Fijian rugby sevens player

Napolioni Ratu Bolaca (born 20 November 1996) is a Fijian rugby sevens and rugby union player, who has played for the Fiji national rugby sevens team since 2019. At club level, he has played for Fijian Drua. Bolaca was the top point scorer in the 2019–20 World Rugby Sevens Series. He was part of the Fijian squad that won the rugby seven tournament at the delayed 2020 Summer Olympics.

==Club career==
At club level, Bolaca has played for Yasawa in the rugby union Skipper Cup, and in rugby sevens competitions. He has also played for Barbarians in the Fijian Super 7s Series. He missed part of the 2020 Skipper Cup due to an injury. Whilst playing rugby in Wadigi, Bolaca was spotted by a journalist who recommended him to Fijian head coach Gareth Baber.

In September 2021, Bolaca signed for Fijian Drua ahead of the 2022 Super Rugby Pacific season. He was recognised as one of Drua's first ever signings. In April 2022, he was critical of a lack of game time for Drua, and in May 2022, his contract with Fijian Drua was terminated.

==International career==
Bolaca made his debut for Fiji national rugby sevens team in the 2019 Singapore Sevens event of the 2018–19 World Rugby Sevens Series. He scored two tries and five conversions in the final of the 2019 Paris Sevens event, as Fiji won the World Sevens Series. He played for Fiji in the rugby sevens event at the 2019 Pacific Games in Samoa.

Bolaca was the top points scorer in the 2019–20 World Rugby Sevens Series, with 159 points. He scored two tries in the final of the 2020 Sydney Sevens, as Fiji beat South Africa. At the 2020 USA Sevens event in Los Angeles, Bolaca won the Impact Player Award. The first day of the 2020 Canada Sevens in Vancouver was nicknamed the "Bolaca Show", after he scored three tries, including a breakaway try in the match against France. He was awarded the Pressure Play Award for best try in the Sevens Series, for one of his tries in the Sydney Sevens final. He was also named in the Sevens Series Dream Team. Fiji head coach Gareth Baber said that Bolaca was the team's best player in the 2018–19 and 2019–20 World Rugby Sevens Series, and has called Bolaca "the future of sevens rugby".

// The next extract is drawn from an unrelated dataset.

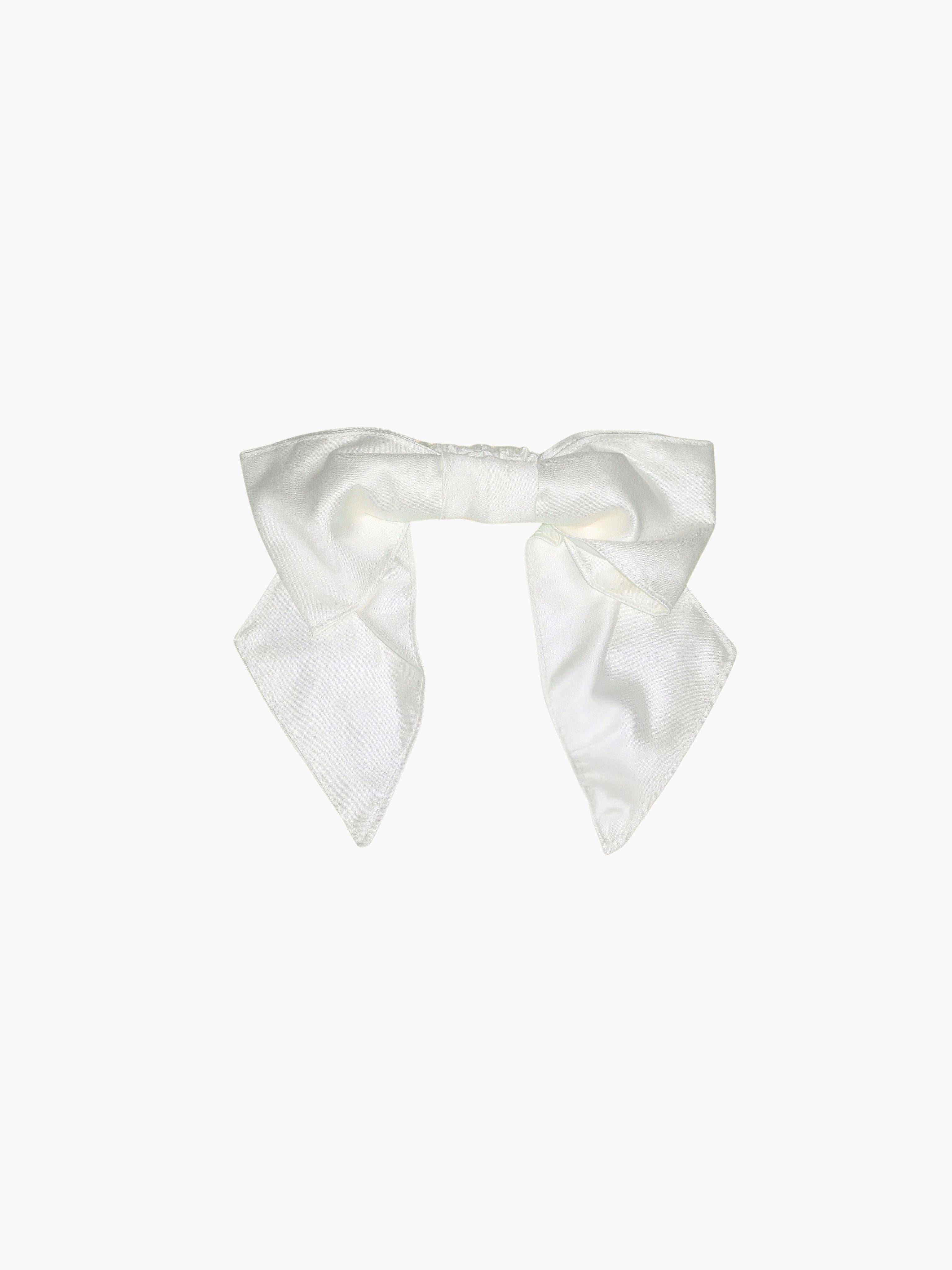 Ivory bamboo silk satin bridal hair bow scrunchie. Set on a white background.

Bolaca was selected in the Fijian squad for the 2021 Oceania Sevens Championship, a warm-up tournament prior to the 2020 Summer Olympics. In July 2021, he was named in the Fijian squad for the rugby seven tournament at the Olympics. He started the final against New Zealand, which Fiji won 27–12. Bolaca was a nominee for the 2021 World Rugby Men's Sevens Player of the Year, which was won by Marcos Moneta.

Following the 2022 Super Rugby Pacific season, Bolaca returned to sevens training with Fiji. He was in the Fijian squad for the 2022 France Sevens and 2022 London Sevens events. Bolaca missed the 2022 Oceania Sevens Championship due to an injury.

==Personal life==
Bolaca is from Lauwaki, Fiji. He has four older siblings, and his father has worked as a coach of the Lauwaki rugby team. Bolaca is married to women's rugby sevens player Laisana Likuceva, and in February 2023, they had a child. In 2024, the pair became the first couple to compete at the same event during the 2024 Canada Sevens tournament.